Thursday, March 31, 2011



Celtic spirituality has a great sense of the significance of each day, how the new day is sacred. The Celts never entered the day with a repetitious deadening perspective; they took each day as a new beginning. There is a lovely Celtic prayer which articulates this sense of the day as a gift from God. The metaphor of vision suffuses the poem. There is an invocation that the human eye may 'bless all it sees' and that God's vision may guard and guide the day. The day is understood as a time of reflexive blessing which embraces God, self, others and nature.

God bless to me the new day

never vouchsafed to me before

it is to bless thy own presnce thou has

given triumph God.

Bless though to me

mine yes

may mine eye bless all it sees

I will bless my neighbour

my my neighbour bless me,

God give me a clean heart

let me not from sight of thine ey

bless to me my children and my wife

and bless to me my means and cattle.

(trans. A. Carmichael)

For the Celtic person the new day was lived amidst nature. It is easy to have a creative sense of the day when you live in the presence of the great divinity called nature. For the Celtic people, nature was not matter, rather it was a luminous and numinous presence which had depth, possibility and beauty.

There is also a beutiful invocation of the day in the ancient poem called 'The Deer's Cry':

I arise today

Through God's strength to direct me:

God's might to uphold me,

God's wisdom to guide me,

God's eye to look before,

God's ear to hear me,

God's word to speak to me,

God's hand to guard me,

God's way to lie before me,

God's shield to protect me,

God's hosts to save me from snares of devils,

From temptation of vices,

From everyone who shall wish me ill,

Afar and anear,

Alone and in a multitude.

(trans.
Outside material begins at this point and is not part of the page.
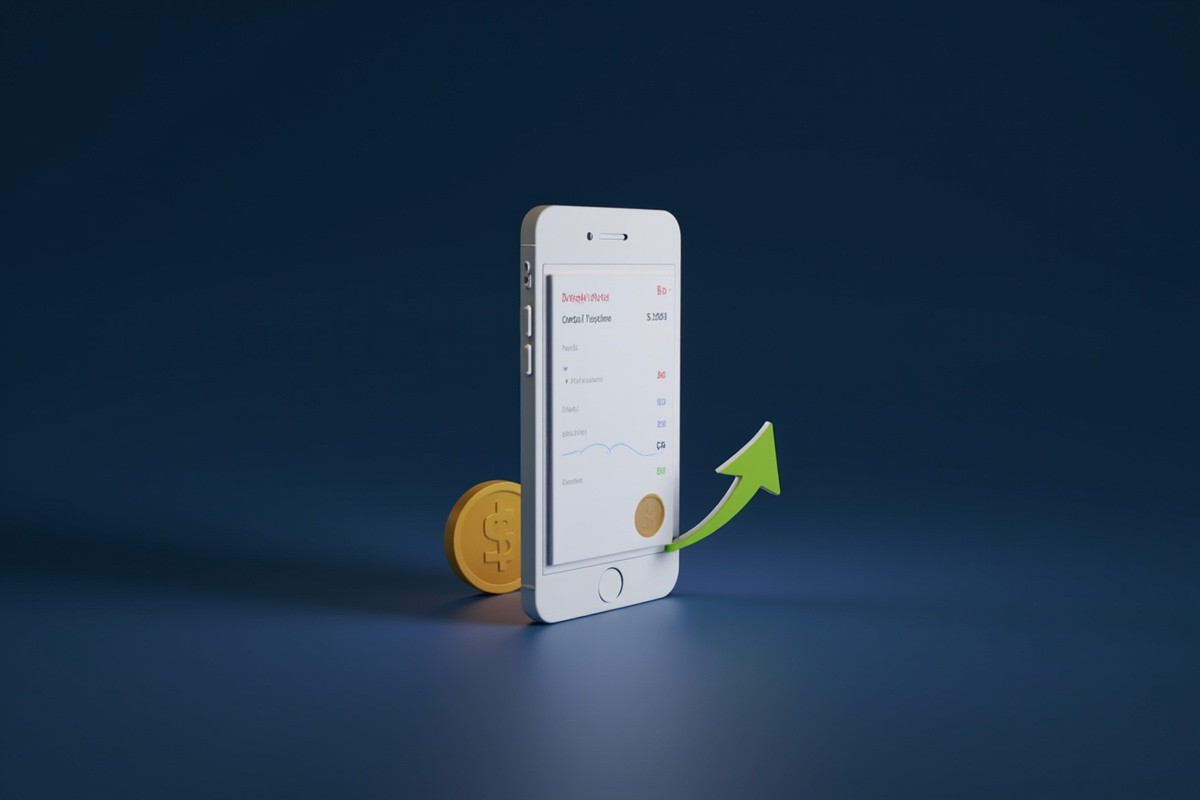 Modern 3D fintech illustration of a smartphone showing a paylater bill that has visibly ballooned la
Kunoy Meyer)

This poem articulates the Celtic recognition of the omnipresence of God. The very act of awakening is recognized as a gift. At the threshold of a new day there is no arrogance; rather a longing to praise. God is pictured in sensuous detail as the divine anam cara. At every moment and in every situation God is the intimate, attentive and encouraging friend.

This notion of the day as a sacred place offers a lovely frame for the creativity which a day can bring. Your life becomes the shape of the days you inhabit. Days enter us. Sadly, in modern life, the day is often a cage. Here a person loses his youthfulness, energy and strength. The day is often experienced as a cage precisely because it is spent in the workplace. So many of our days and so much of our time is spent doing work which remains outside the territories of creativity and feeling. The workplace can be complex and very difficult. Most of us work for someone else and lose so much of our energy. As a matter of fact, one of the definitions of energy is the ability to do work. Days spent caged make us tired and weary. In a city all the morning traffic jams hold people who are barely out of the night and are sleepy, anxious and frustrated. Pressure and stress have already stolen their day. In the evening, the same people are weary after a long workday. By the time they get home, they have no energy left to attend to the desires, thoughts and feelings which were neglected all day.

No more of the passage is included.